La Cloaca Maxima fu realizzata da Tarquinio il Superbo nel VII secolo a.C. , con il compito di risanare le aree del Foro Romano e del Circo Massimo, alle quali si collegarono i collettori provenienti dal Velabro. La costruzione delle cloache fu il primo problema che gli antichi romani dovettero risolvere per eliminare profondi ed insalubri acquitrini che circondavano Roma, facendoli defluire verso il Tevere. La Cloaca funziona ancora mirabilmente, nonostante modifiche e ristrutturazioni in ogni epoca. Presso il ponte Palatino si può notare, sulla sponda sinistra del Tevere, lo sbocco della Cloaca, realizzato intorno al 120-80 a.C. (anche se la prima realizzazione è più antica), in conci radiali di pietra gabina.

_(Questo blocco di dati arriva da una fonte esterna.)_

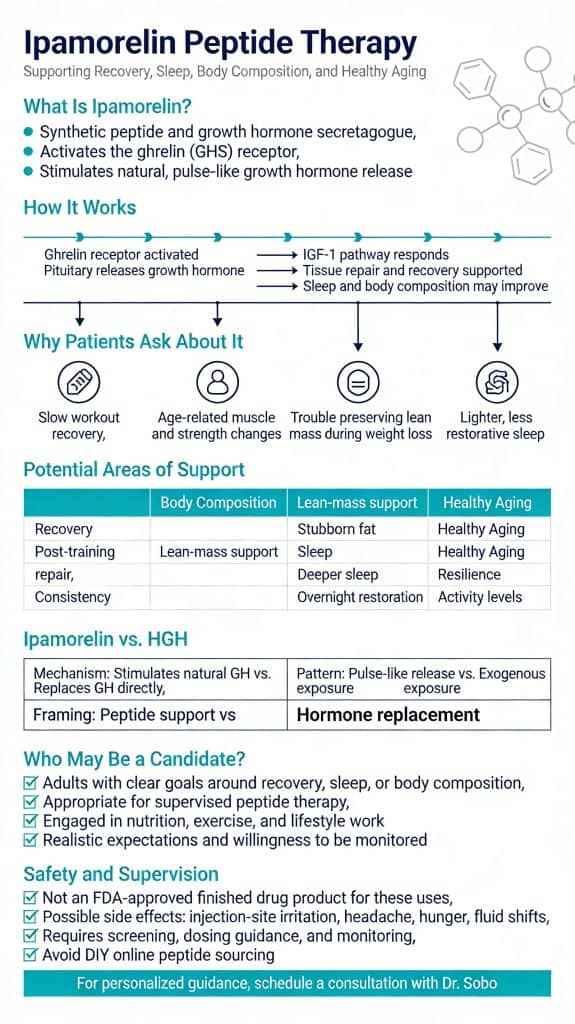 Professional infographic explaining Ipamorelin peptide therapy benefits for recovery, sleep, body composition, and healthy aging at Dr. Sobo's Connecticut clinic. Features mechanism of action, patient candidacy, safety notes, and comparison to HGH.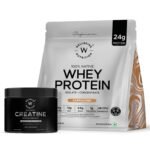 Wellbeing Nutrition Whey Protein Isolate + Concentrate (Cappuccino) | 24g Protein, 12g EAA, 5.8g BCAA | Clinically Proven 2x Muscle Protein Synthesis| 1kg + Wellbeing Nutrition Creatine Monohydrate 100g (combo pack)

Di ingressi alla Cloaca ve ne sono diversi: una grossa porta metallica, posta sotto la Basilica Giulia nel Foro Romano, ne costituisce, forse, l'ingresso principale, quello "più comodo". Un altro è in prossimità dell'Arco di Giano: qui, attraverso un oscuro vicoletto, sotto antichissime arcuazioni, si arriva alla Cloaca in un punto dove l'acqua è limpida, perché qui gli scarichi si fondono con le sorgenti dell'Acqua Argentina.